ASSIGNED TASK: In the material below, begin at the line that has "Alt Üst Aynı", stop after the line that has "VIVASTAR ELKTRKLI ZINCIRLI VINC 1 ton 6mt", and transcribe those lines exactly, without pictures.

RECORDED DATA:
•••••

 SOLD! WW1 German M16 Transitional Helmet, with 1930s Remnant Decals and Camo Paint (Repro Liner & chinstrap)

•••••

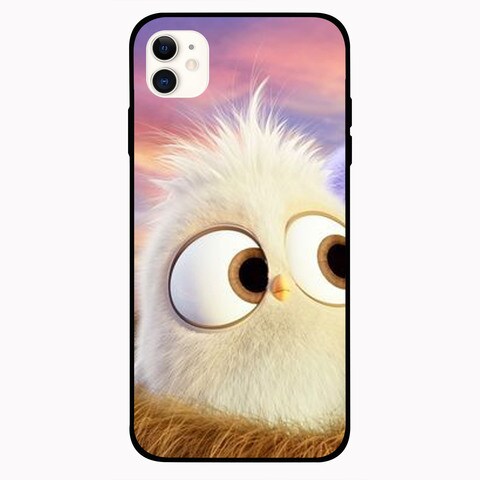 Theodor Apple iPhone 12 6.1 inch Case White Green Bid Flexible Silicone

•••••

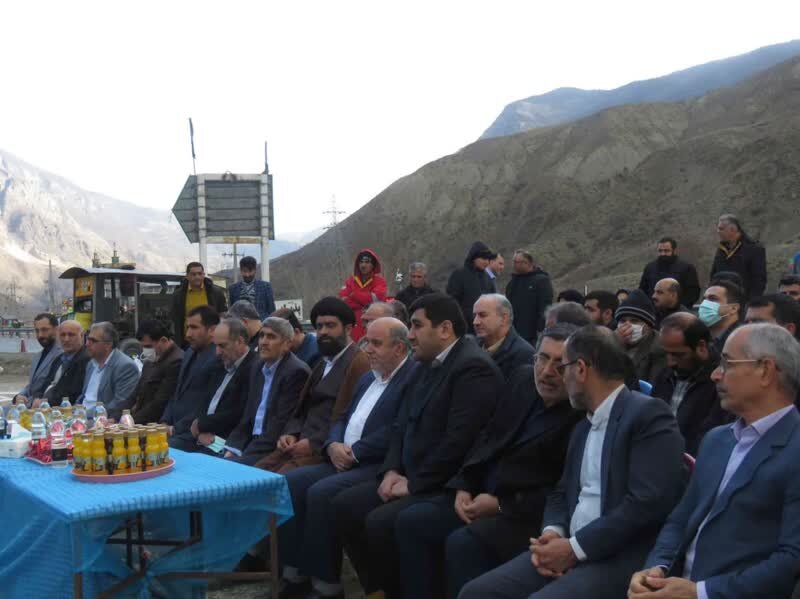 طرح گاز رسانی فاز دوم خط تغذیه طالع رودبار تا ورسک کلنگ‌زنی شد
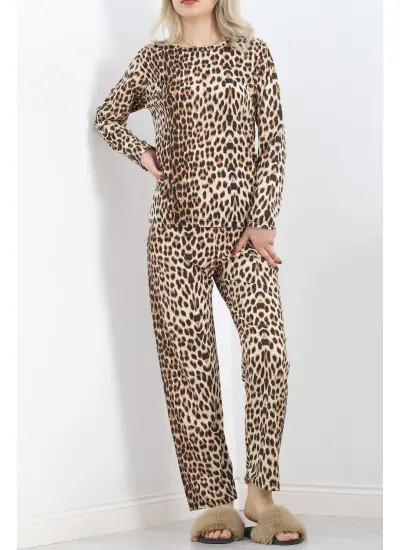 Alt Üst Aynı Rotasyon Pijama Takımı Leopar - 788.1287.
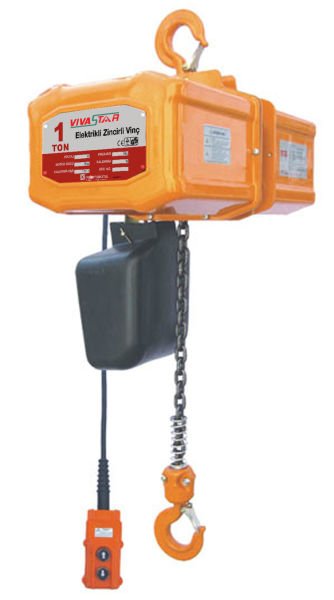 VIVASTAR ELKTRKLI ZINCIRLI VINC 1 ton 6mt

•••••

RESULT OF THIS EXERCISE:
 Alt Üst Aynı Rotasyon Pijama Takımı Leopar - 788.1287.
 VIVASTAR ELKTRKLI ZINCIRLI VINC 1 ton 6mt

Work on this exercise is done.